How to Use Options Trading Rolling Strategy

An options trading rolling strategy is a strategy where you move your strike point to a new strike point during the month. Rolling basically means moving. In the world of options trading, this movement happens when you move positions from one strike point to another. That can either happen when you move points vertically (within the same month) or horizontally (to another month) or both.

You see, in order to maximize returns, investors should use the covered call strategy every month for a long time. That requires that the investor move, or roll, the strike position when the option expires. That is where the term "rolling" comes from. 

Part of options trading rolling strategy also involves knowing when to avoid rolling, though. Occasionally an investor may decide not to roll the strike position. The purpose of that is to allow the capital to appreciate more. That is a rare scenario, however, because, if the call option is exercised when share becomes in the money, it could be called away.
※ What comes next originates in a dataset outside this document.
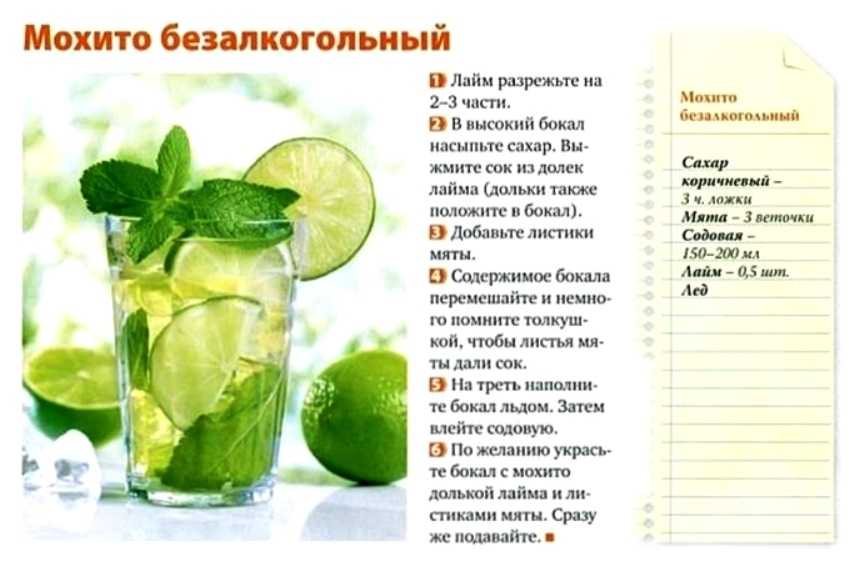 Мохито – рецепт коктейля, крепость, калорийность, история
As an option's expiration approaches, there can be either one of two outcomes. Either the short option could be out-of-the-money or in-the-money. If the option is out-of the-money, it is worthless. The investor simply sells the next month's call, after letting the option expire. If, on the other hand, the option ends up in-the-money, in order to keep the stock all the investor needs to do is sell the next month's call after buying the short option back. Even though that sort of trade consists of two trades, buying and selling, it is considered one trade. It is also known as a spread. If you want to roll out your covered call or buy-write, you need to utilize such a spread. That way, you can buy back the short option and keep your stock.

Your second month option would be sold short. Thus, your covered call strategy would be re-initiated. The remaining positions are the short calls and long stock. You have to buy back the option that you are short at the beginning of the month. You would not have a choice for your front month option. However, you would have the choice to sell near term or with a farther expiration date for the next month option.

As you can see, rolling can be a bit complicated. However, you may find it well worth it, in the long run. The trick is to be careful to make the most informed decisions possible. Remember to never risk more than you can afford to lose either. After all, it is not an exact science.

So, now that you understand the options trading rolling strategy better, you may want to consider it. There is something to be said for using options trading rolling strategy to improve your earning potential, after all.